■ What is needed
Output all of the lines below exactly, and leave out each image.

■ Source material
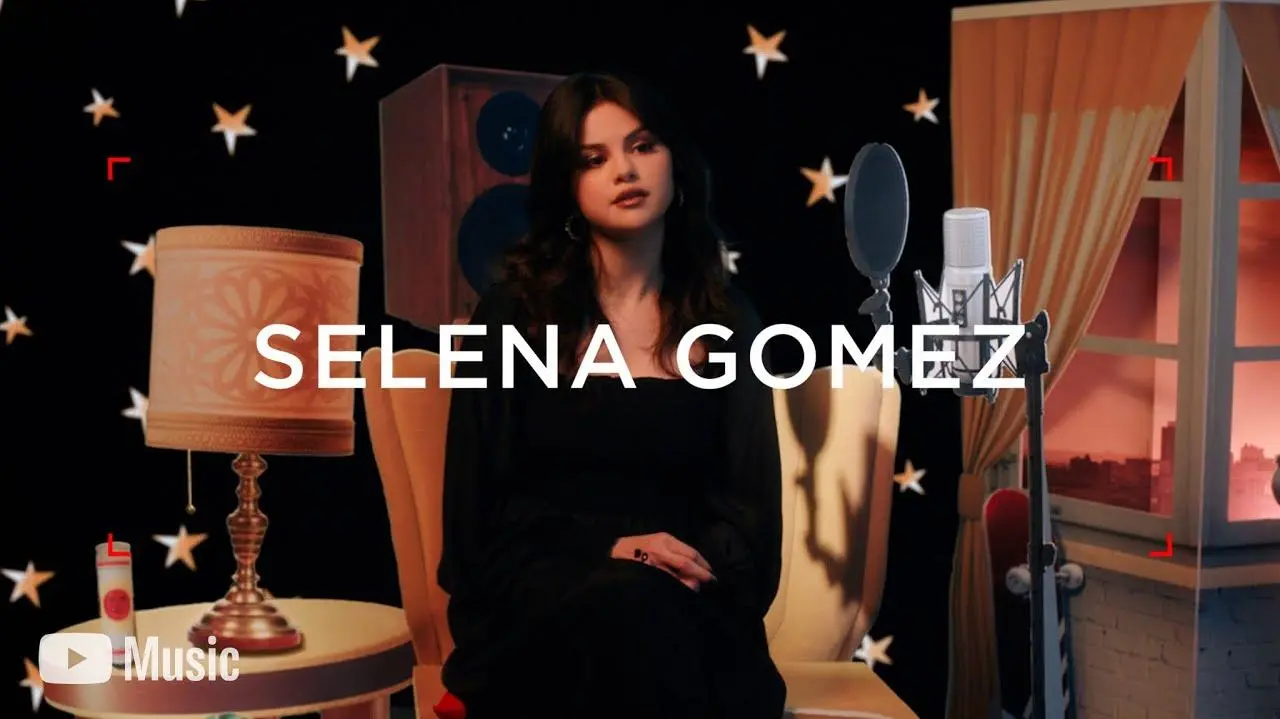 Selena Gomez - Artist Spotlight Stories_peliplat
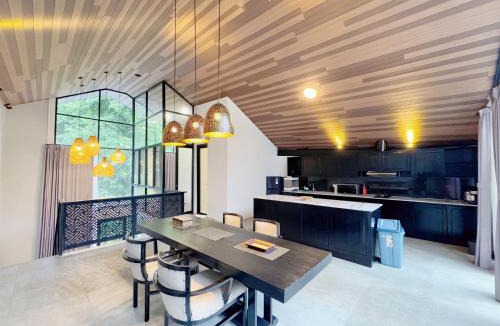 Sawangan Villa | Dancing Villas with expansive Vanishing edge pool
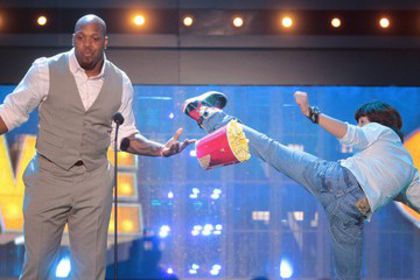 Leo Howard r8wXj6ypyXkm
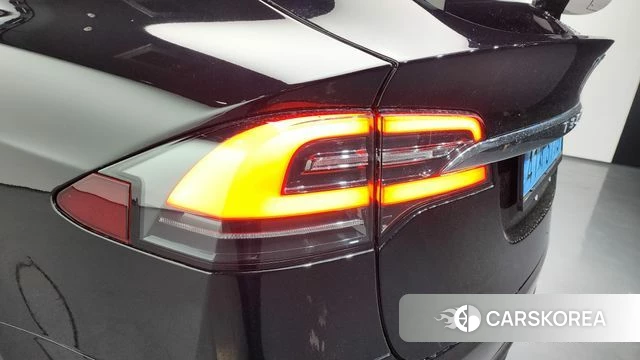 Tesla Model X id 4232531 из Кореи 15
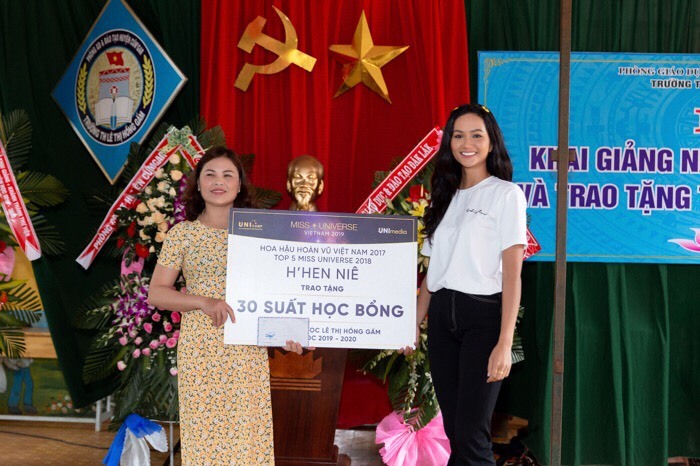 H'Hen Niê tự lái xe tới trao học bổng cho học sinh Đắk Lắk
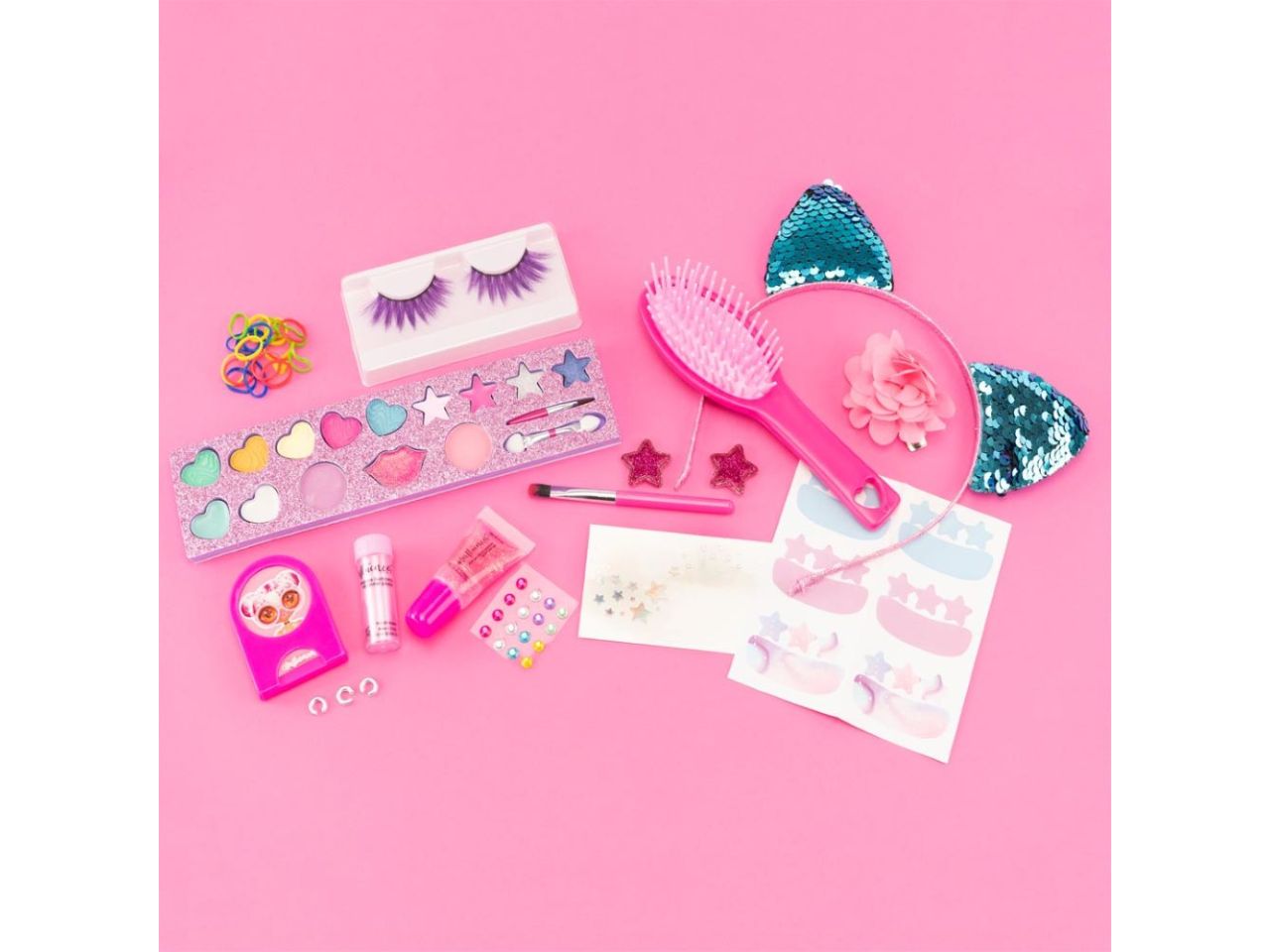 Influencer beauty and style, testina con accessori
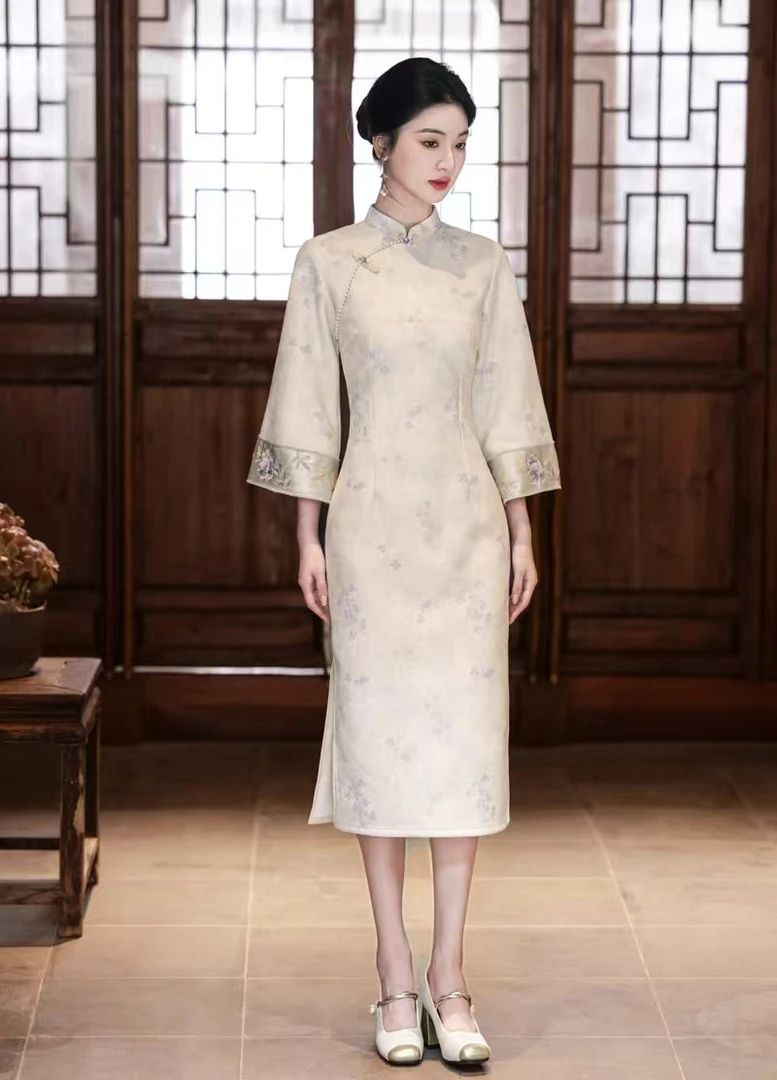 风华《素芷》新款温婉气质款浅米色花卉印花旗袍中袖修身改良裙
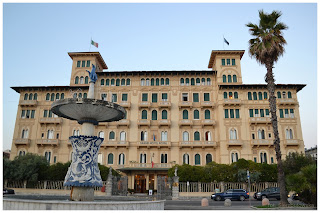 Hotel Royal - Architektura eklektyczna w Viareggio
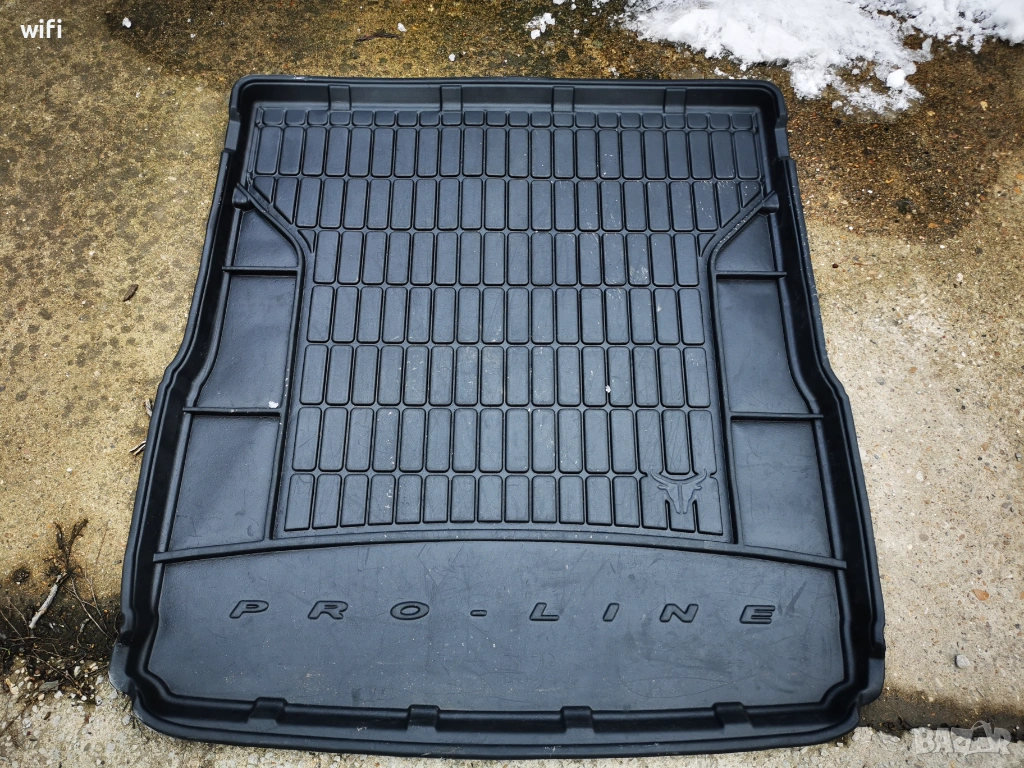 Стелка за багажник за Пасат 8 комби. , снимка 1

■ Task response
 Selena Gomez - Artist Spotlight Stories_peliplat
 Sawangan Villa | Dancing Villas with expansive Vanishing edge pool
 Leo Howard r8wXj6ypyXkm
 Tesla Model X id 4232531 из Кореи 15
 H'Hen Niê tự lái xe tới trao học bổng cho học sinh Đắk Lắk
 Influencer beauty and style, testina con accessori
 风华《素芷》新款温婉气质款浅米色花卉印花旗袍中袖修身改良裙
 Hotel Royal - Architektura eklektyczna w Viareggio
 Стелка за багажник за Пасат 8 комби. , снимка 1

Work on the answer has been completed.